PRO Act limits worker rights
The Protecting the Right to Organize Act bears the interesting distinction of being supposedly “pro-worker” legislation that mostly rolls back individual workers’ rights. The legislation’s true purpose is to ensure that union leaders can tell workers to “get in line.”
The most obvious transgression is the bill’s prohibition on state right to work laws, which 27 states currently have. All a right to work law does is say that a worker does not have to join or otherwise support a union in order to keep their job. Nothing prevents a worker from joining a union if that is what they want.
Technically, a right to work law restricts management by making it illegal for employers to sign union-management contracts that include so-called “security clauses” that force all workers to either join the union or pay it a regular fee. In right to work states, workers who believe their union is inept, corrupt, or just not representing their interests have a powerful way to hold it to account. If the PRO Act passes, those workers lose that right — and potentially part of their paycheck.

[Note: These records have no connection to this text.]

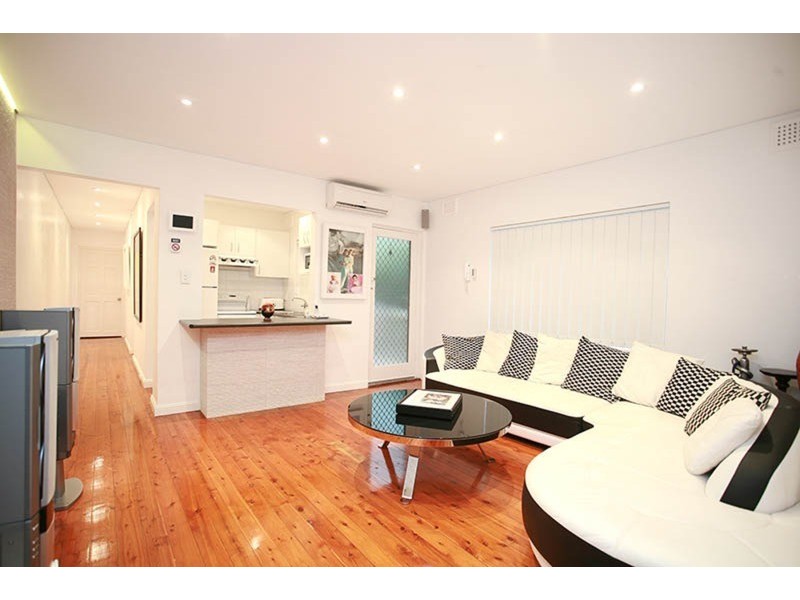 1/12 Nicoll Street, Roselands NSW 2196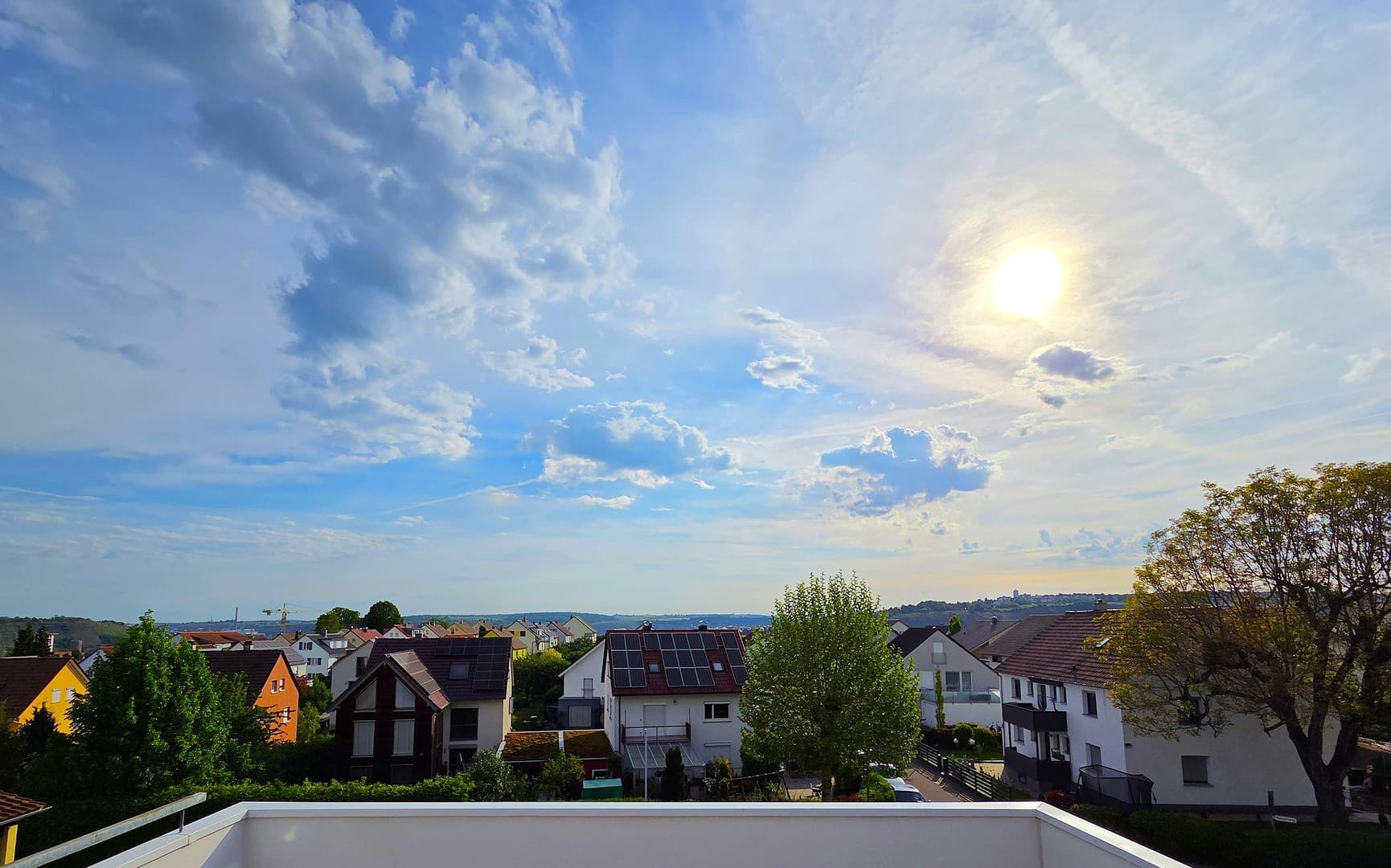 Hausgefühl: Eigener Hauseingang & 31 m² Panorama-Terrasse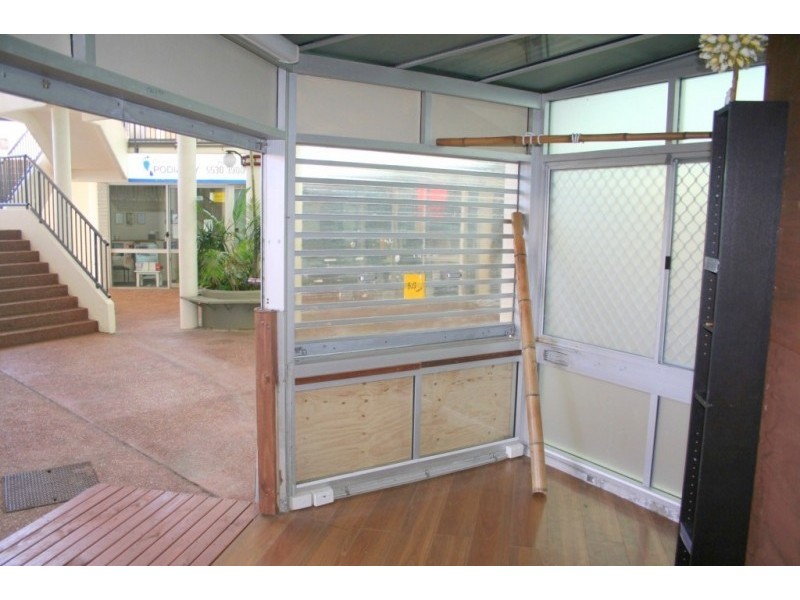 87 Griffith Street, Coolangatta QLD 4225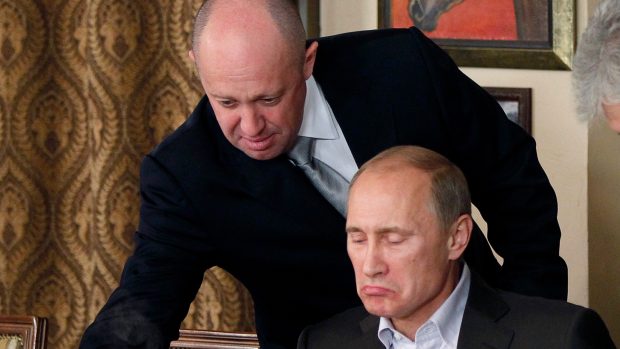 Jevgenij Prigožin a Vladimir Putin v roce 2011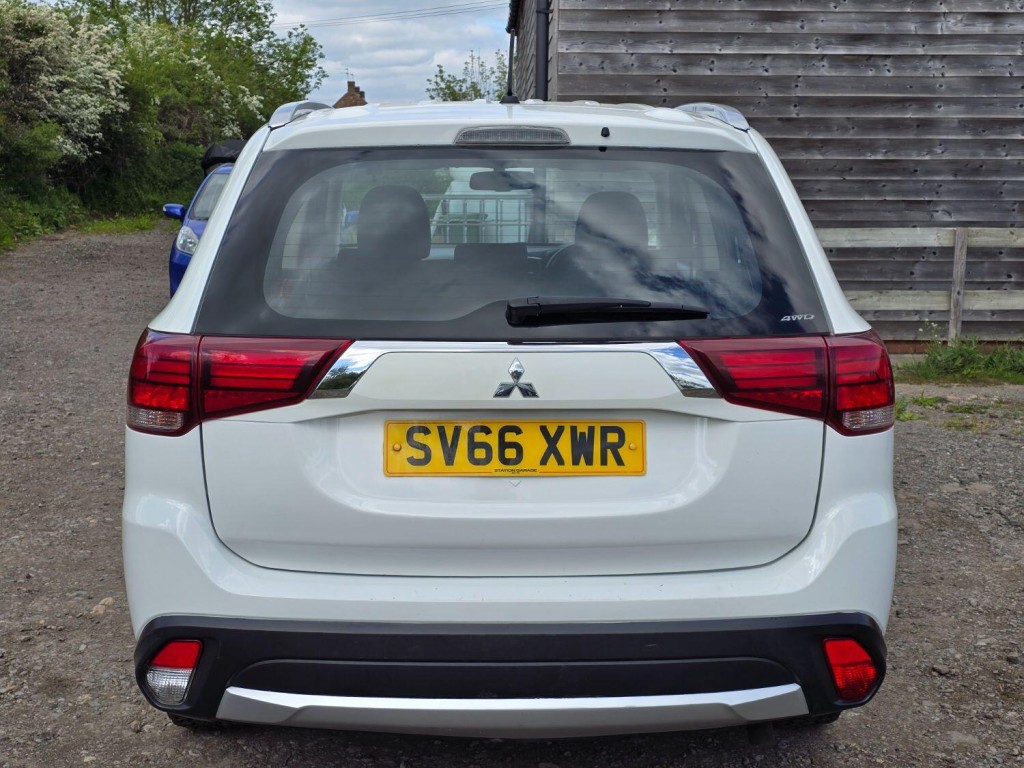 MITSUBISHI OUTLANDER 2.2 DI-D GX2 2016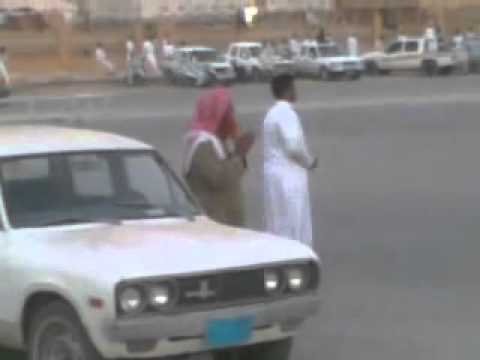 وقت اذان العشاء بالرياض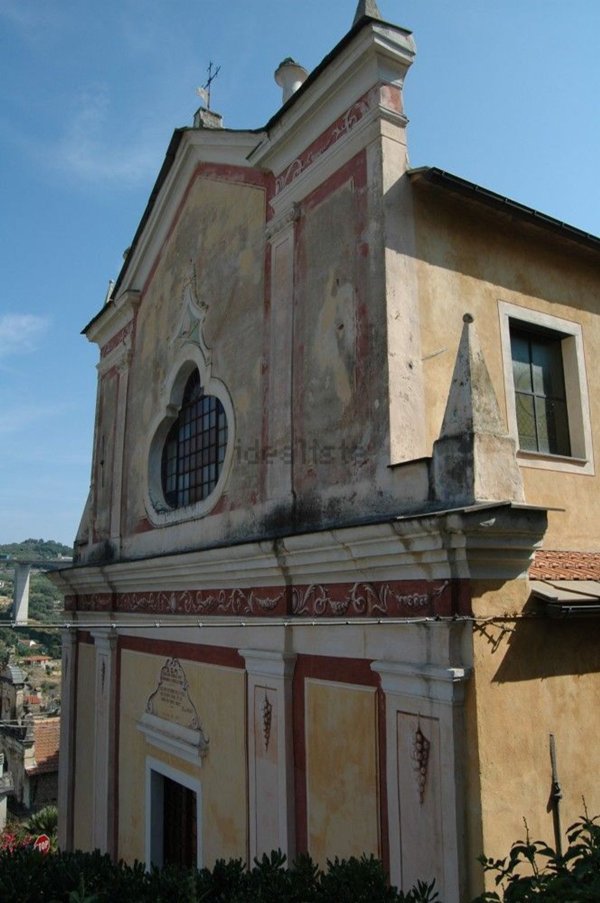 appartamento in vendita a Bordighera in zona Borghetto San Nicolò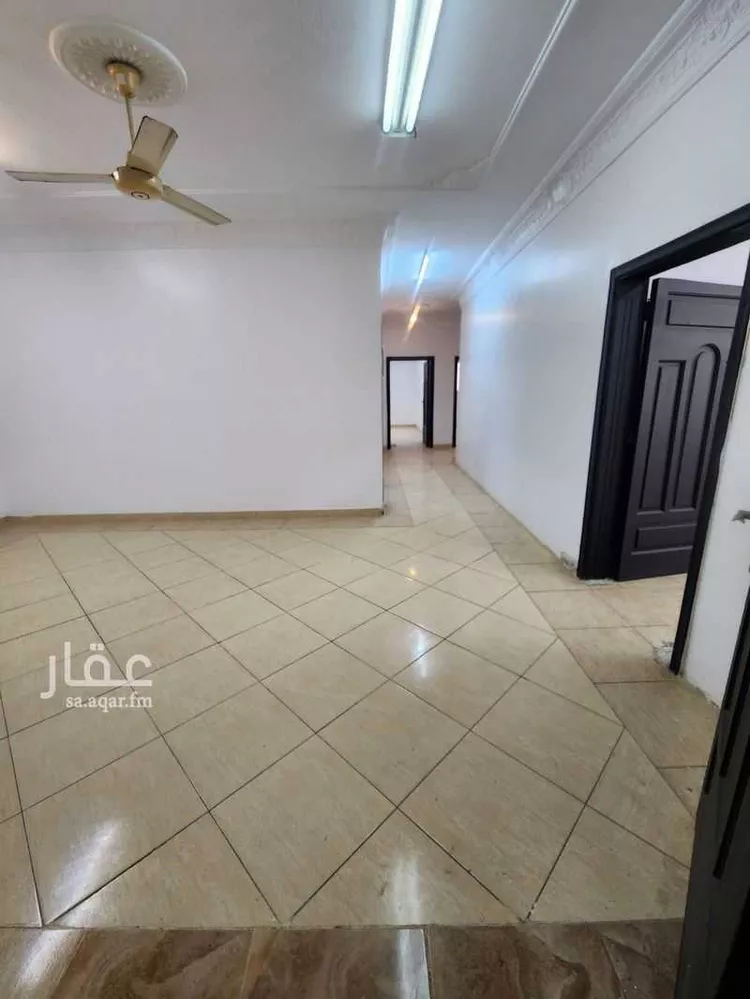 شقة للإيجار في شارع أبو الفتح الأصبحانى, حي الصفاء, مدينة جدة, منطقة مكة المكرمة صورة 3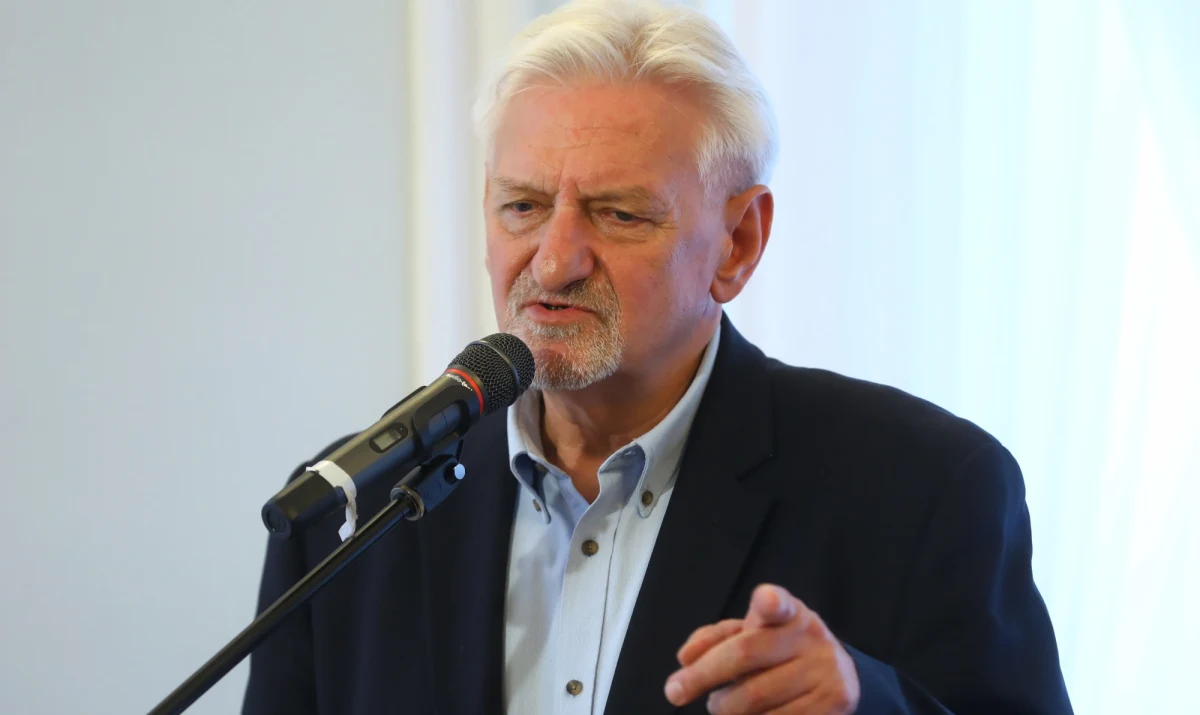 Szpitale polowe są budowane na trzeci etap epidemii. Nie było powodu, by to robić wcześniej - powiedział główny doradca premiera ds. Covid-19 prof. Andrzej Horban w wywiadzie opublikowanym w poniedziałek w "Do Rzeczy".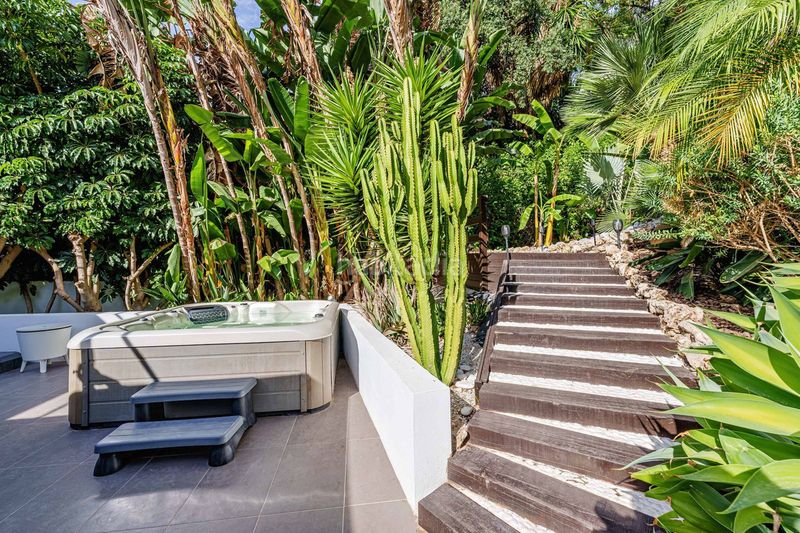 Foto 67a853b9-ed78-437d-82d5-712fb669dd7f. Casa adossada a El Rosario - Ricmar Marbella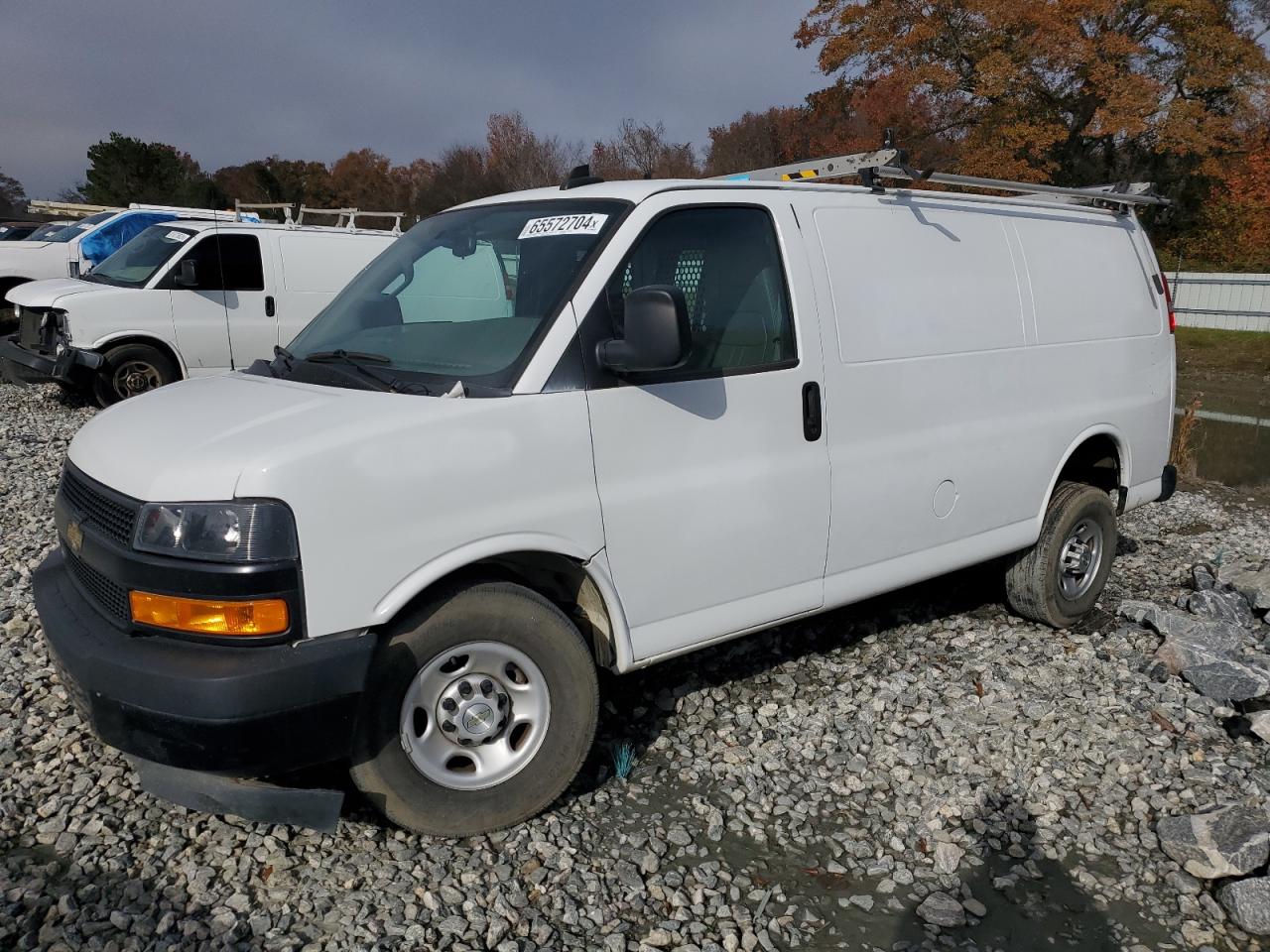 VIN 1GCWGAF73N1196422 2022 CHEVROLET EXPRESS no.1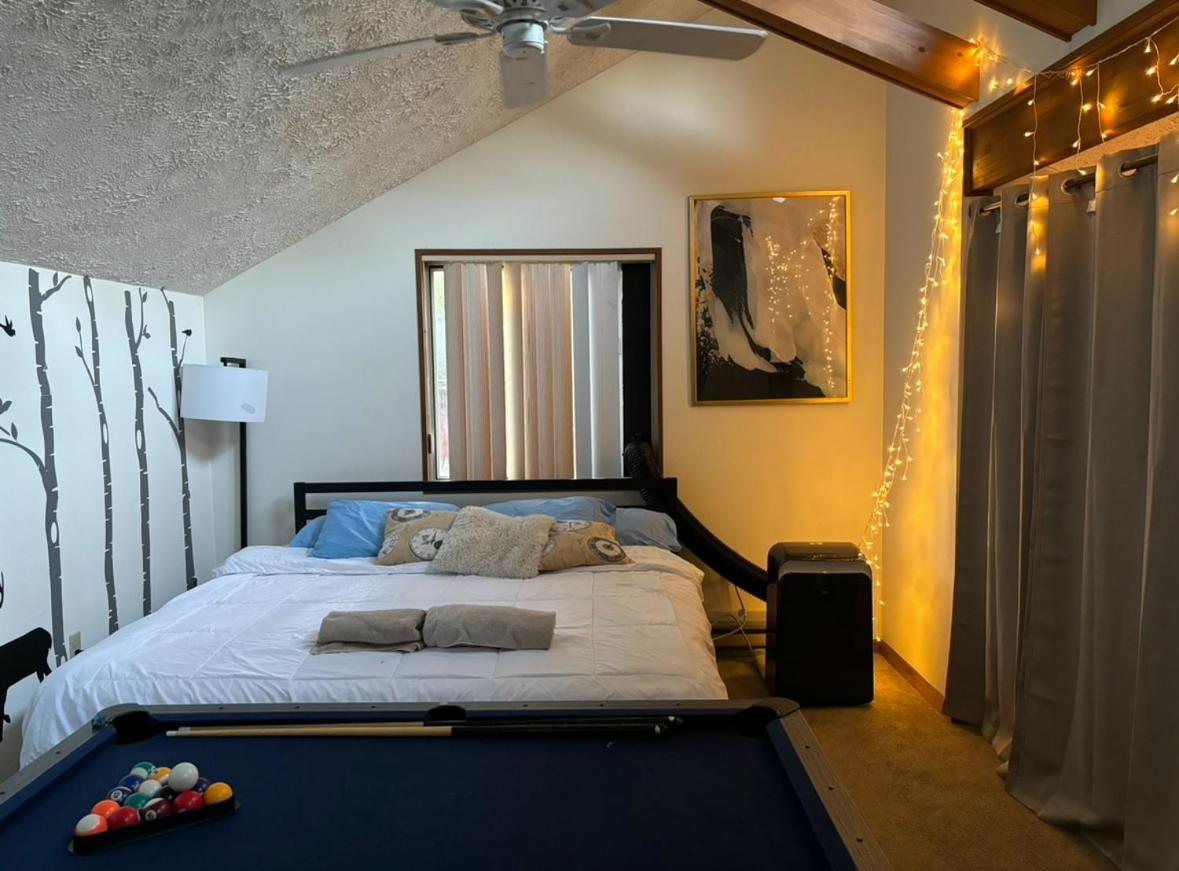Ambiance - King Bed Cabin, Jetted-Tub & Fireplace Tobyhanna Eksteriør billede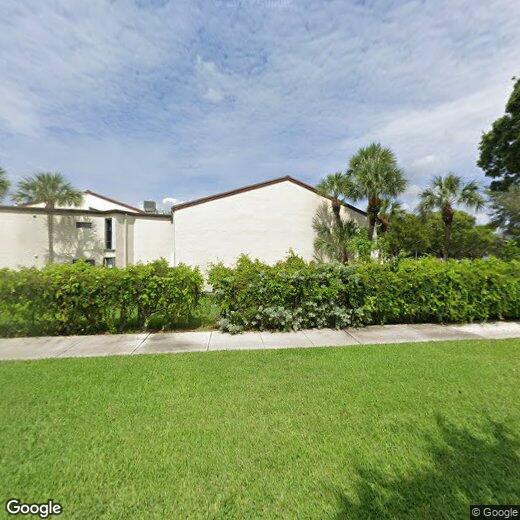 Foto principal - 11200 Taft St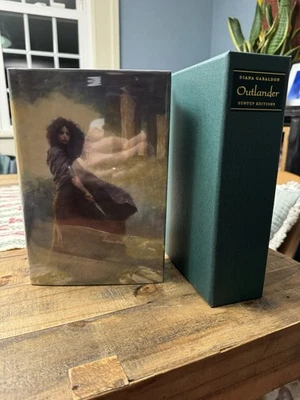 OUTLANDER - Suntup Classic Edition Illustrated & Signed by Author & Illustrator - image 1 of 4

Incidentally, right to work laws are not incompatible with strong unions. Nevada has been right to work since 1952, and it has a unionization rate of 13.4 percent, well above the national average of 10.8 percent. Unions claim that workers who don’t pay dues become free riders on the backs of dues-paying workers. But it’s telling that unions never request being released from the responsibility of representing those supposed deadbeats. They’d rather have the arguing point along with the workers’ money. That’s what eliminating right to work laws is really about: making it legal for unions take money from the paychecks of people who don’t want to join.